# Specific Heat/Energy problem

1. Mar 1, 2009

### Raihn

1. The problem statement, all variables and given/known data
The specific heat of a substance varies with temperature according to:
c = 0.20 + 0.14T + 0.023T$$^{2}$$,​
with T in deg-C and c in cal/gK. Find the energy required to raise the temperature of 2.0g of this substance from 5.0C to 15C.

2. Relevant equations
Q=mc$$\Delta$$T
K= C + 273.15

3. The attempt at a solution
Given:
m= 2.0g
Q=?

Q=mc$$\Delta$$T
Q=m$$\int$$(0.2 + 1.4T + .023T$$^{2}$$)dt

Convert C to Kelvin:
T1: K = 5.0 + 273.15 = 278.15K
T1: K = 15 + 273.15 = 288.15K

Solve for heat:
Q = [2.0g(0.2 + 1.4(288.15) + 0.23(288.15$$^{2}$$)] -
[2.0g(0.2 + 1.4(278.15) + 0.23(278.15$$^{2}$$)]

Q=2792.98

I don't think I did the math correctly can anyone please check it for me and tell me what I did wrong? Thank you in advanced.

-Raihn

2. Mar 1, 2009

### Vuldoraq

Looking at this it doesn't look like you did the integral for the heat capacity? You should have 0.2T+1.4T^2/2 etc.

3. Mar 1, 2009

### Raihn

Why divide by 2? And I thought I did take the integral? I couldn't figure out how to add the 15 and 5 onto the integral sign, but I thought I did solve it in that manner? Maybe not? Now I've confused myself lol.

4. Mar 1, 2009

### Vuldoraq

This is the value of the heat capacity?
This is your formula for Q

Here you have just subbed the value of c into $$Q=mc\delta T$$ I see no evidence that c has been integrated?

5. Mar 1, 2009

### Vuldoraq

You put the limits on like this (just click on the equation to see the source),

$$\int_{5}^{15}$$

and you divide by two because,

$$\int x dx=\frac{x^{2}}{2}$$

6. Mar 1, 2009

### Raihn

Oh ok, I see thanks alot. Didn't notice I skipped that part. Thanks again.

7. Mar 1, 2009

8. Mar 1, 2009

### Raihn

I did it again and I got Q = 9894.36. I don't think that's right. This question is so simple I don't know why I'm not getting it.

9. Mar 1, 2009

### Vuldoraq

Don't worry, it's only easy once you know it. Check your calculation again and post it here before you enter it, that way I can check it and hopefully you won't lose another attempt. I seem to be getting quite a big number.

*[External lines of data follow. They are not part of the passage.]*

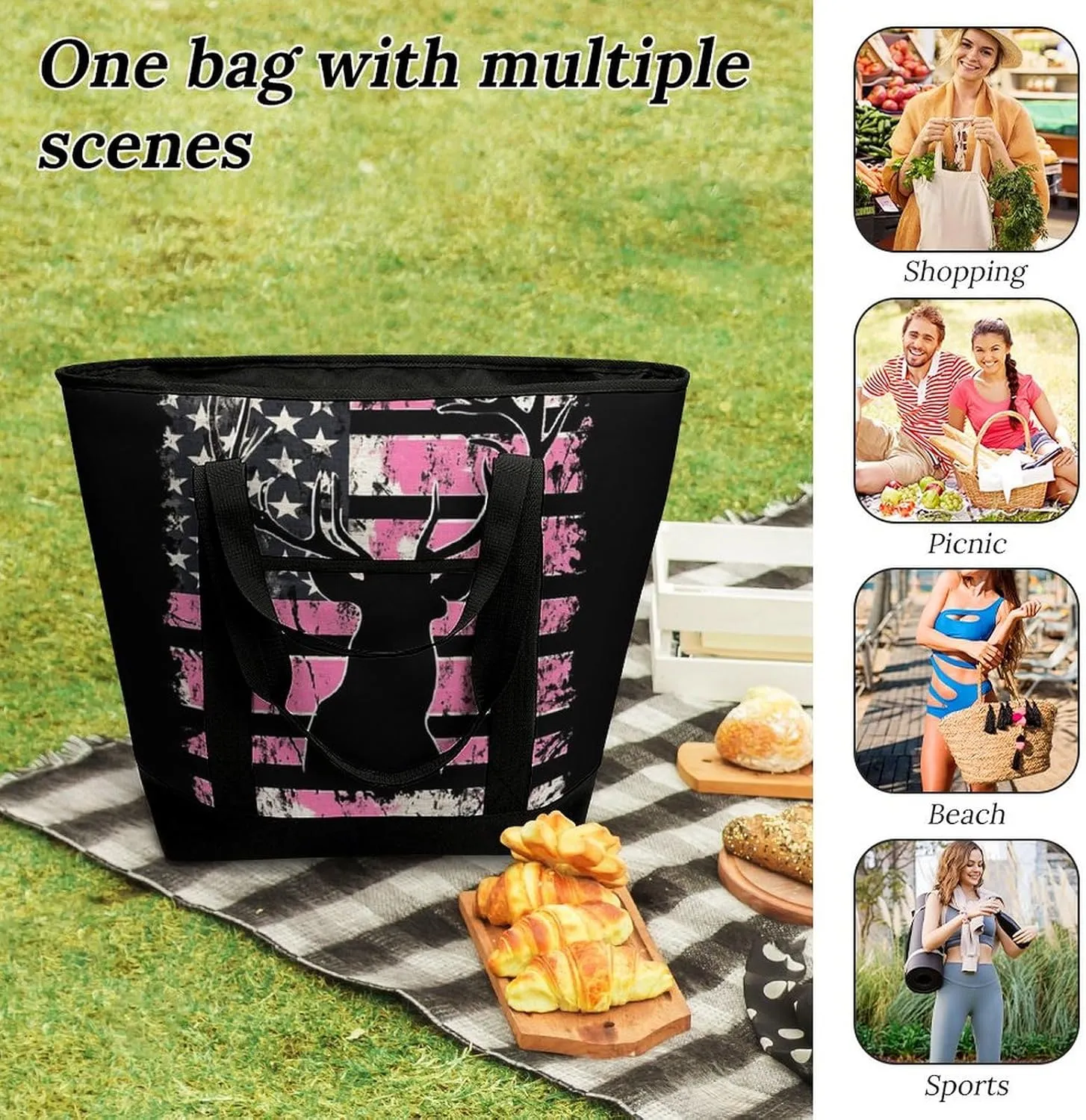 Women's Large-Capacity Thermal Tote Bag Stylish Work & Commute Handbag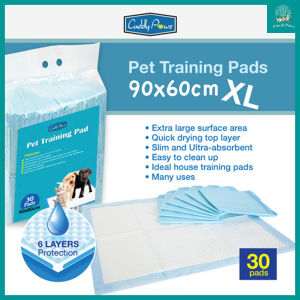 Cuddly Paws Ultra-absorbent EXTRA LARGE (XL) Pets Training Pee Pads 90x60cm 30pcs for Dog Cat Hamster Rabbit other pets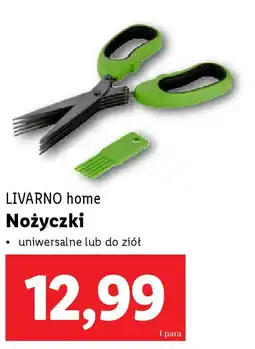 Lidl Livarno home nożyczki oferta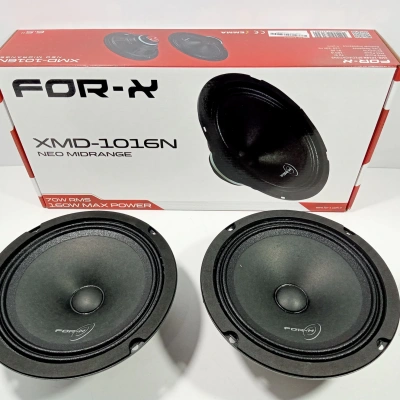 For-x Midrange 16cm – For-x XMD-1016N 160w 70RMS 16cm Midrange Hoparlör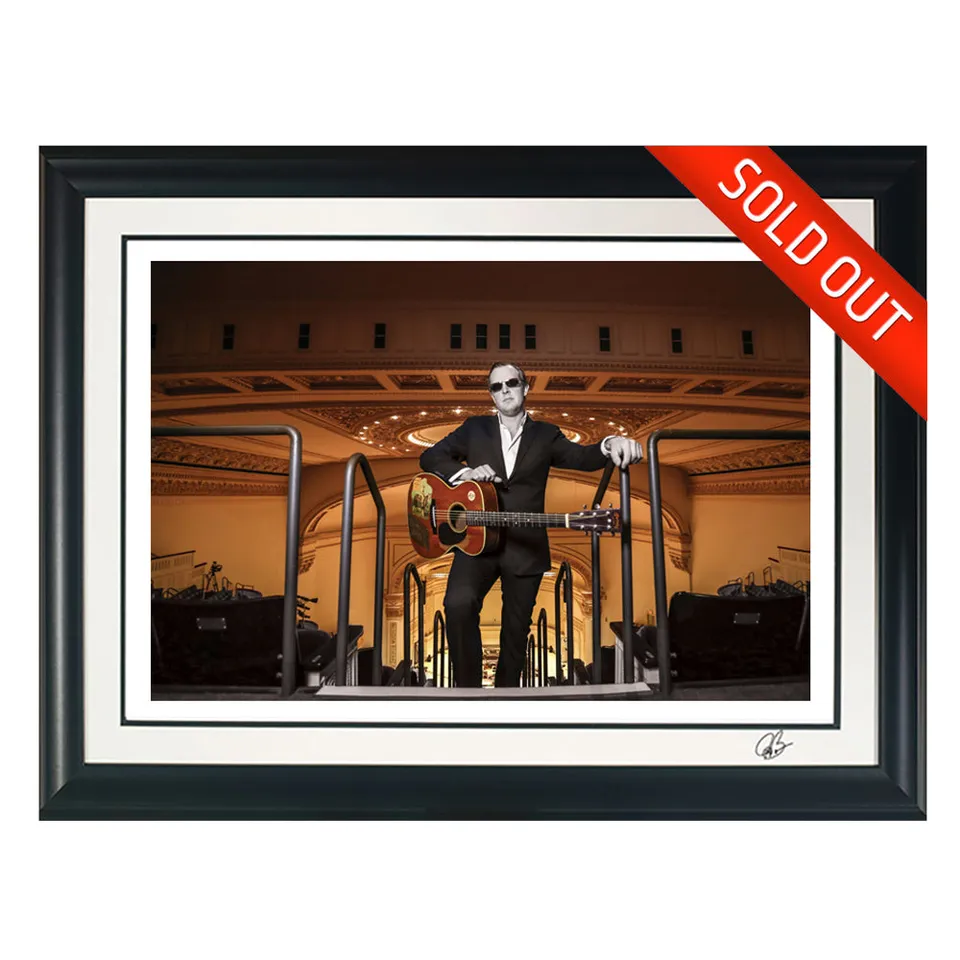Joe Bonamassa #30 Carnegie Hall Litografi signert innrammet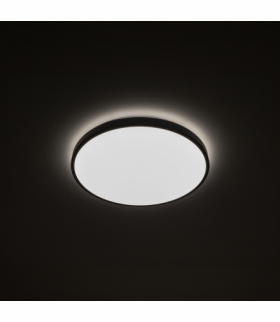 Lampa sufitowa Plafon AGNES ROUND LED PRO Styl Nowoczesny, LED 22W IP44 Stal lakierowana, Czarny Nowodvorski 10971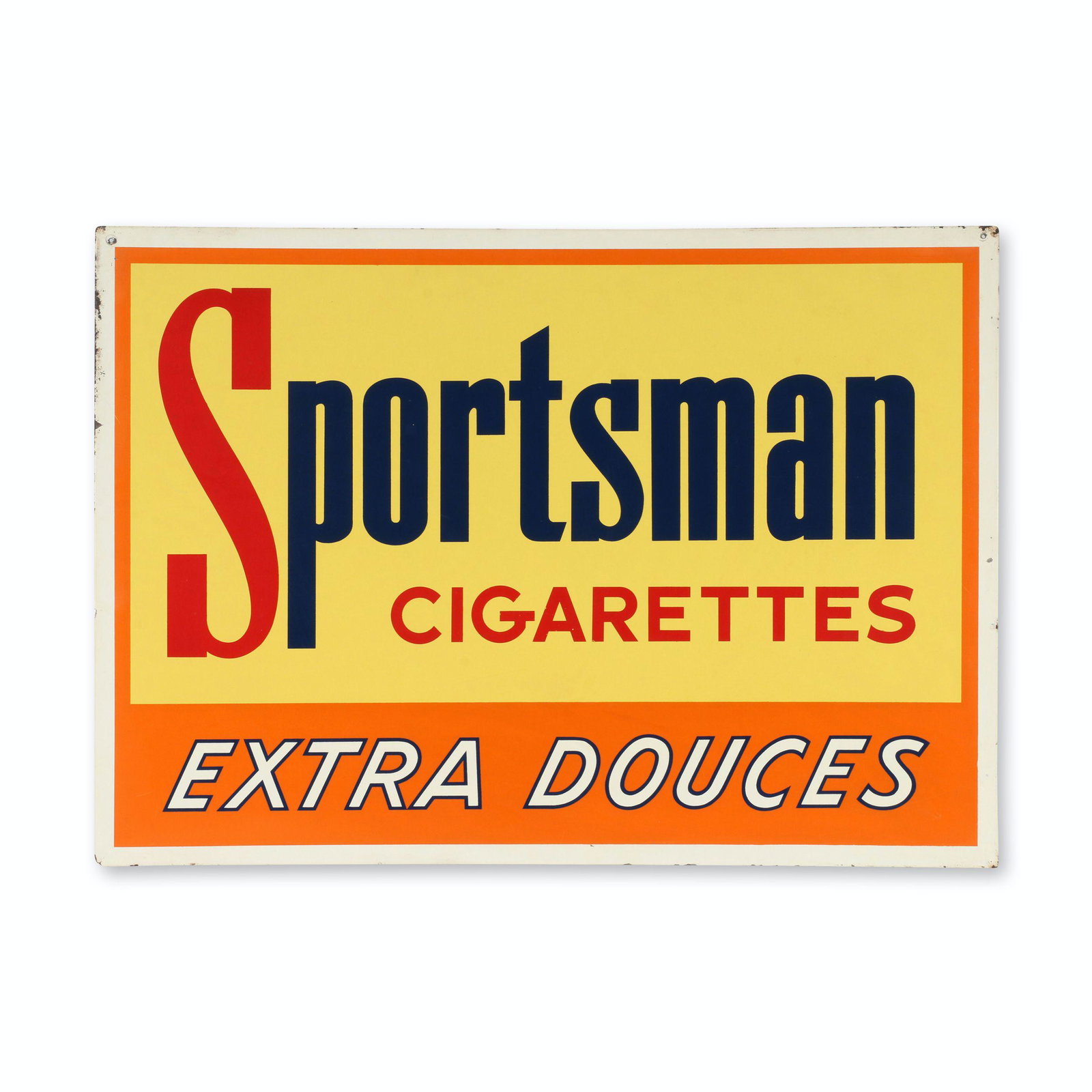 sportsman tobacco tin Sportsman Cigarettes Tin Litho Sign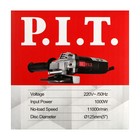 Угловая шлифмашина P.I.T. PWS125-C5, 1000 Вт,  125х22.2 мм, 11000 об/мин - фото 24635766
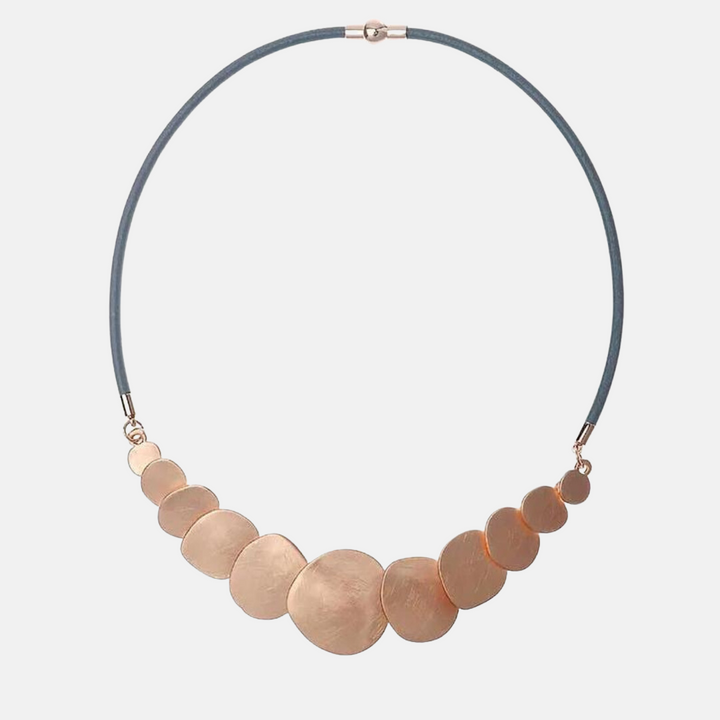 Pebble Rose Gold Zoe Necklace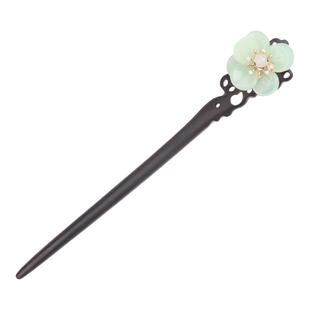 民族风发饰中国风宫廷发簪子黑檀木手工饰品步摇古代钗子汉服头饰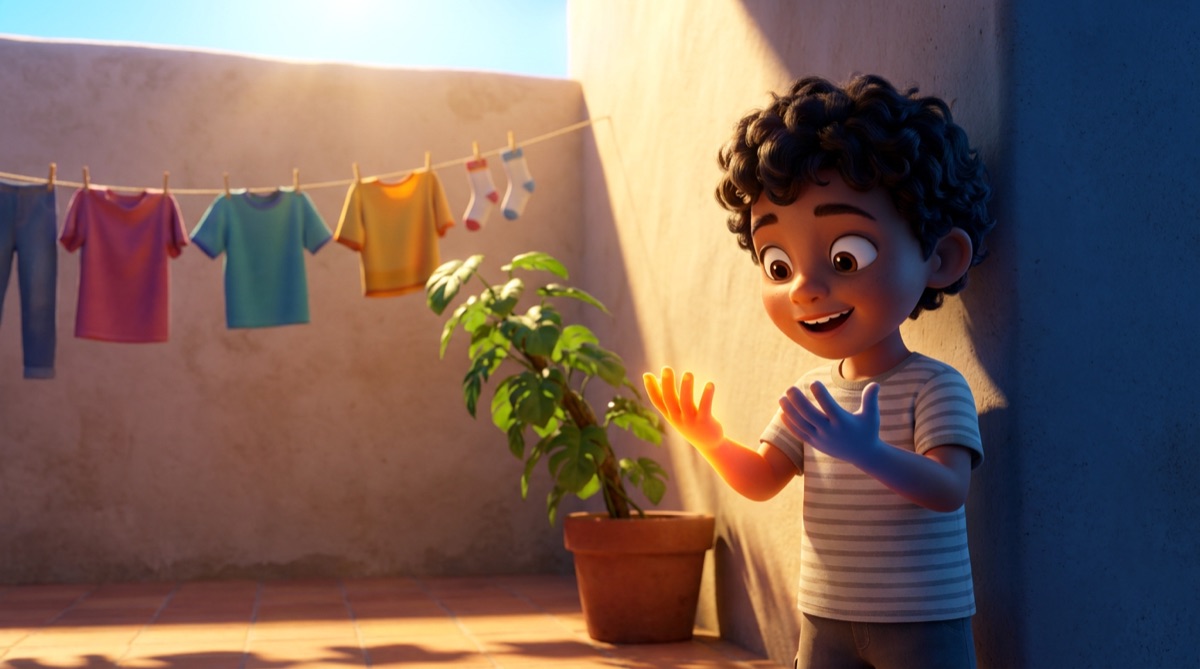 Ilustración: El Sol nos da luz y calor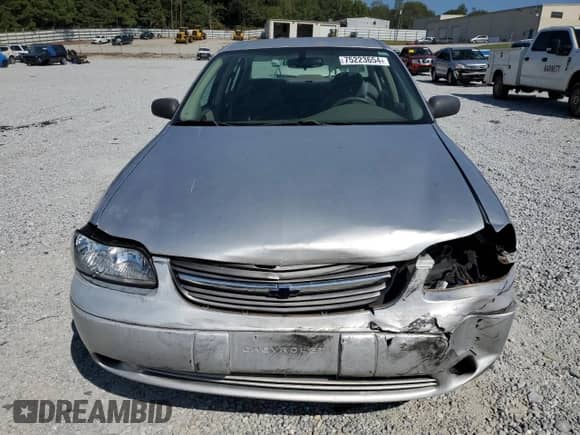 2002 Chevrolet Malibu with VIN 1G1ND52J02M648617, listed as a Copart auction lot 75223654 with 154,116 mi miles and Salvage title. Bid and sale history available at DreamBid. Image 5.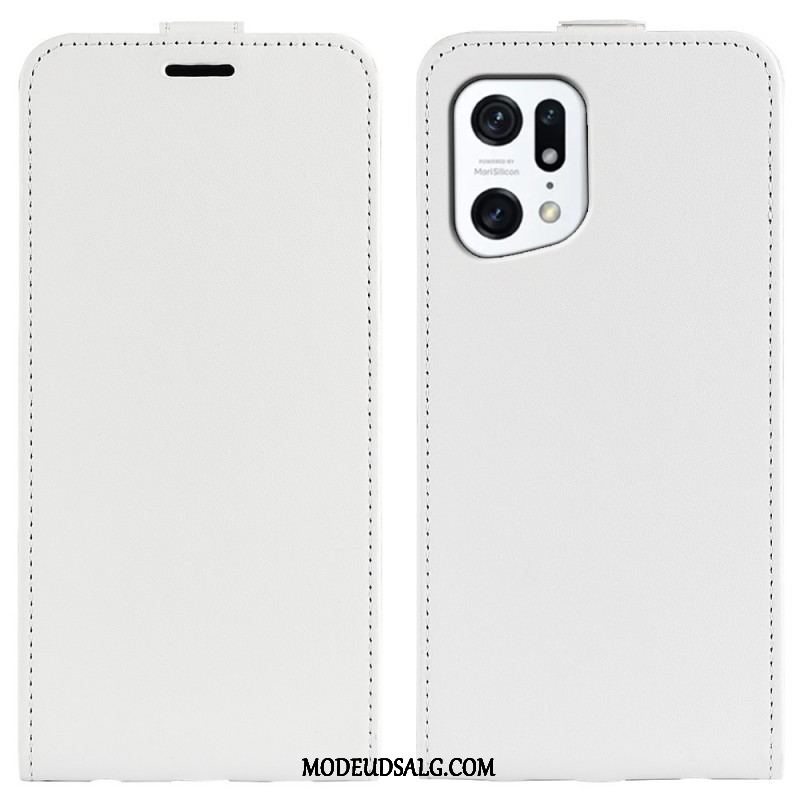 Flip Cover Oppo Find X5 Læder Cover Sammenfoldelig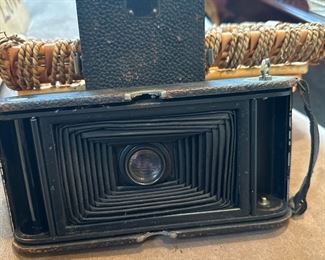 Antique Kodak number three folding camera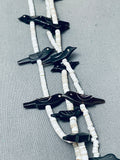 One Of The Most Unique Vintage Navajo Blackbird Sterling Silver Necklace-Nativo Arts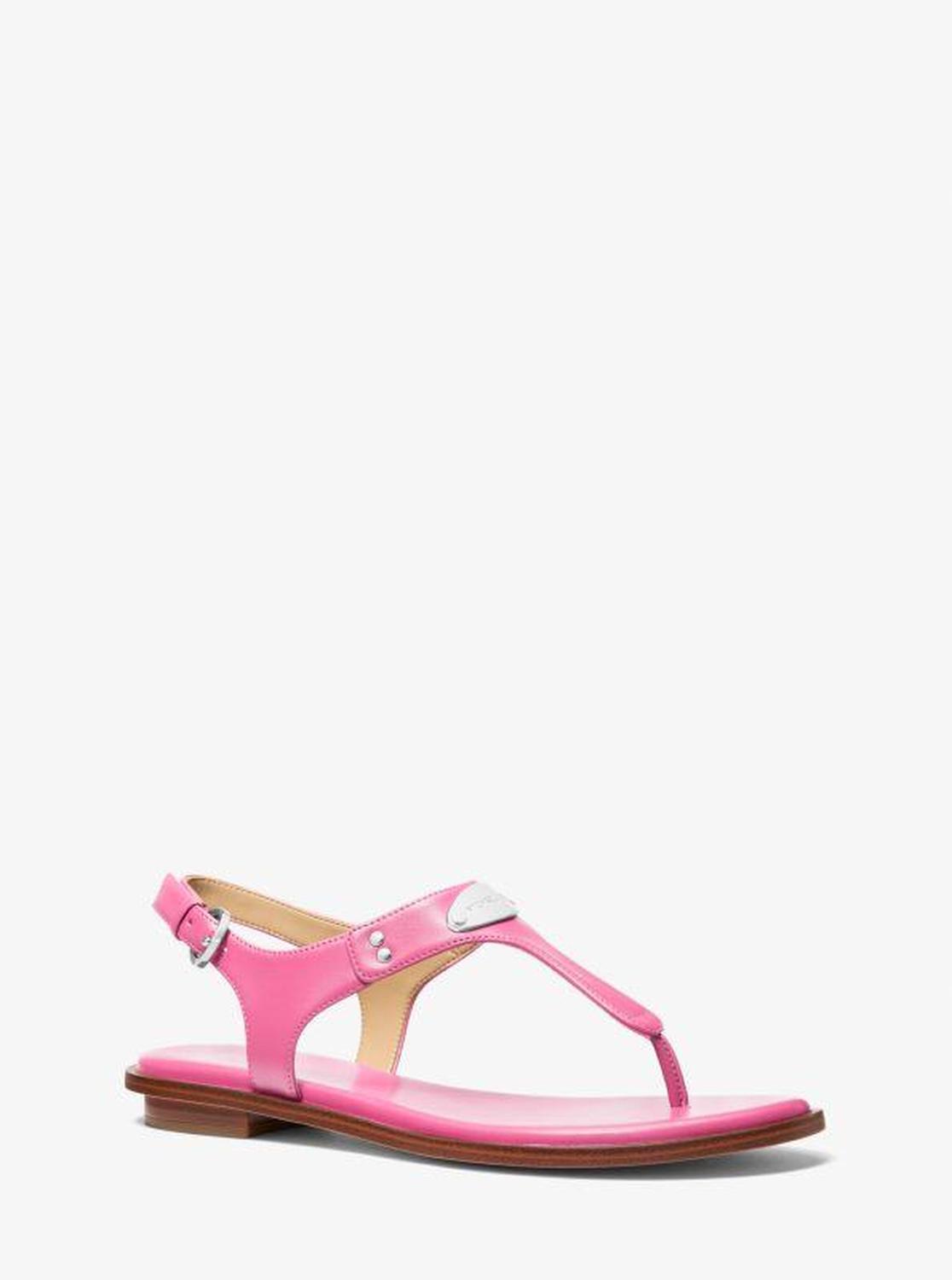 Logo Plate T-Strap Sandal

Edit: Why don't you think it's right? Also I got confused with someone else, thought you were using a mastering physics package (me tired, sorry).

10. Mar 1, 2009

### Raihn

It's probably not clicking in my head since I'm studying for organic chemistry II and doing this at the same time, but this is what I did:

c = [0.20 + 1.4(288.15) + 0.023(288.152))] - [0.20 + 0.14(278.15) + 0.023(278.152)]
c = 494.78

Then:

Q=(2.0g)(494.718(288.15-278.15)
Q = 9894.36

11. Mar 1, 2009

### Raihn

Or is Q negative, where T1 = 278.15 and T2 = 288.15?